Je voudrais que la France fit sur le Fleuve Bleu par le moyen de la Mission Gallas ce que l’Autriche fait sur le Fleuve Blanc. Le fleuve présentement n’amène que de l’ivoire le reste est dans l’avenir et l’industrie de ceux qui ont colonisé le pays. Le fleuve Bleu au contraire présente un commerce d’or, de café, de gomme, et aussi de l’ivoire. Il est peu considérable en ce moment parce que les Gallas de Fassoglou ne veulent pas commercer avec les Turcs leurs ennemis et ils portent leur révolte dans la partie de Goyam [f. 25r] plus éloignée: mais s’il y avait un établissement français dans cette frontière les choses changeraient d’aspect. Je voudrais proposer un moyen bien simple. Les mines d’or sur le Fassouglou dans les mains du Gouvernement Egyptien sont tellement déteriorées qu’à peine on tire l’or des offices [affaires?]. Je crois que la France pourrait l’acheter à un prix très modéré pour un temps voulu afin de le faire travailler à sa manière par des ouvriers Européens. On en tirerait certainement un grand avantage. Il suffit pour s’en persuader de lire la relation du célèbre voyageur Russe le Colonel Cavaleschi qui en faisait l’examen en 1848. En formant un établissement français par le moyen de la Mission Gallas on gagnerait la confiance de ces populations pour assurer [...] du commerce sur le Fleuve Bleu, où l’on embarquerait les Mines pour les porter à la Mèdi- /345/ terranée. Quand à présent je n’en dis pas davantage, je me réserve de donner une relation plus détaillée de Fassouglou où je serai, s’il plaìt à Dieu, à la fin de ce mois. Si je trouve le moyen de faire un établissement sur les confins des Etats du Pascià j’aurai besoin d’un Firman de Constantinople qui m’autorise d’établir une église et une Maison d’Instruction. Je voudrais que le Gouvernement de la République y travaille avec la mème energie que l’Autriche le fait pour la Mission de Kartum et du Fleuve Blanc. Cependant je m’en occuperai près du St Siège afin que toute la région du Fleuve Blanc soit déclarée en dehors de la Mission de Kartum protégée par l’Autriche et unie à la Mission Gallas protégée par la France. S’il arrive un Consul à Kartum je serai le protecteur de la Mission Gallas et je devrai avoir des instructions particulières pour le faire agir et l’aider de tout mon pouvoir.

Veuillez en parler avec M. Faugère et un Ministre et écrivez-moi pour ma gouverne. Je désire savoir si mes idées peuvent être adoptées: autrement je serais obligé de me retourner vers l’Autriche. F. 25v En m’écrivant veuillez adresser vos lettres à M. Fathalla Mardrus qui connait tous les moyens de me les faire arriver.
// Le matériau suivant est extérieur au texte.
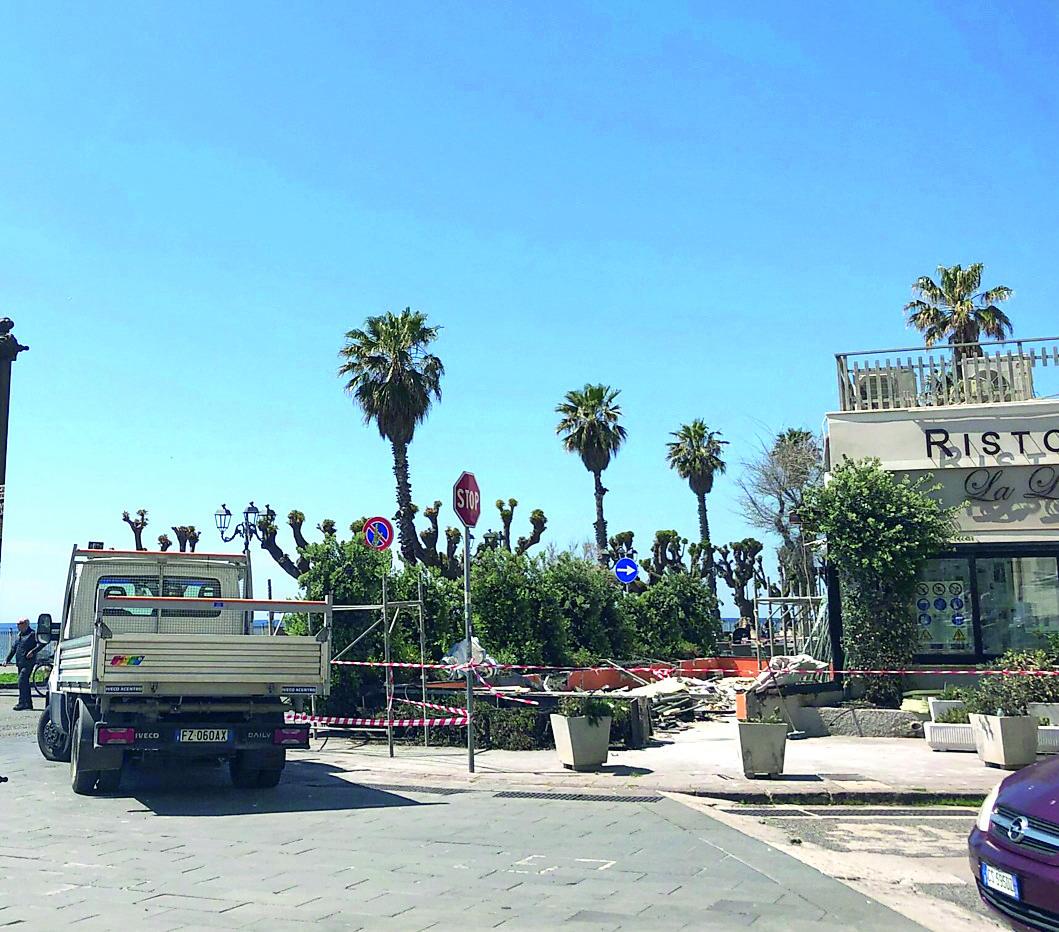 Demolita la veranda, il ristorante Cecchini di Alghero ha un nuovo volto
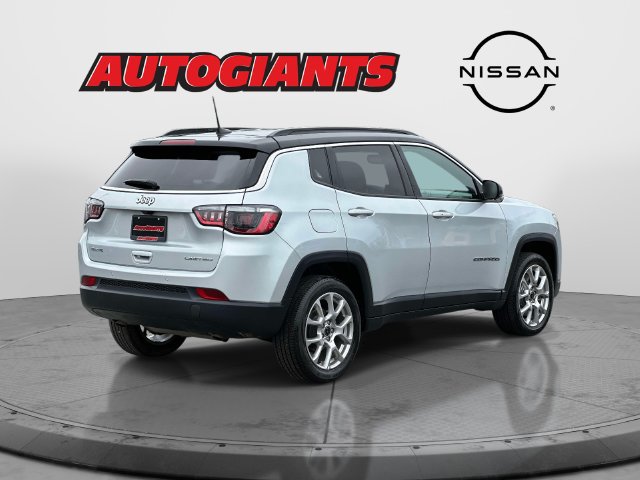 Used 2025 Jeep Compass Limited AWD/4WD image 4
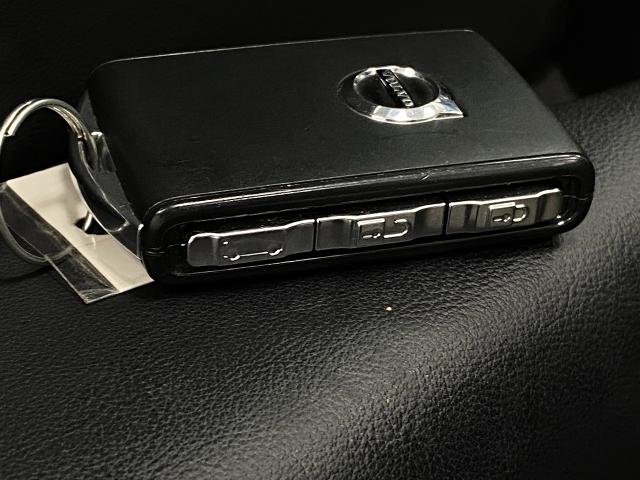 2023 Volvo XC90 Vehicle Photo in Appleton, WI 54913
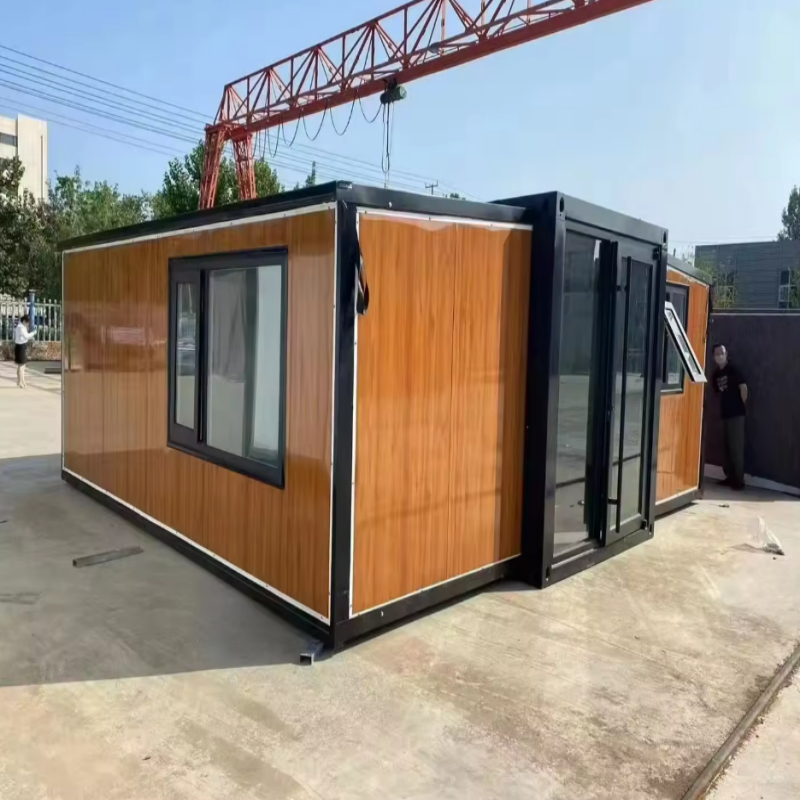 Expandable push-pull container house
Vous pouvez avoir toute confiance en lui. Il est protégé par l’Autriche et agent de la Mission de Kartum. Il désire être naturalisé français et alors il s’attacherait d’autant plus à nos intéréts. C’est un jeune négociant qui jouit de la plus grande confiance. Les personnes les plus considérables lui ont confié plusieurs milliers de Tallaris pour faire le commerce de gomme dans ce pays. Le Pacha Gouverneur en fait le plus grand cas et lui communique les affaires les plus intimes.

Je devrais ajouter bien d’autres choses pour M.me Du Havelt et M.me Faugère et à tous nos amis de Paris. Faites le pour moi, car je suis accablé d’occupations pour mon prochain départ pour les pays Gallas et Fassouglou.

Recevez mes saluts et remerciements et faites prier pour moi.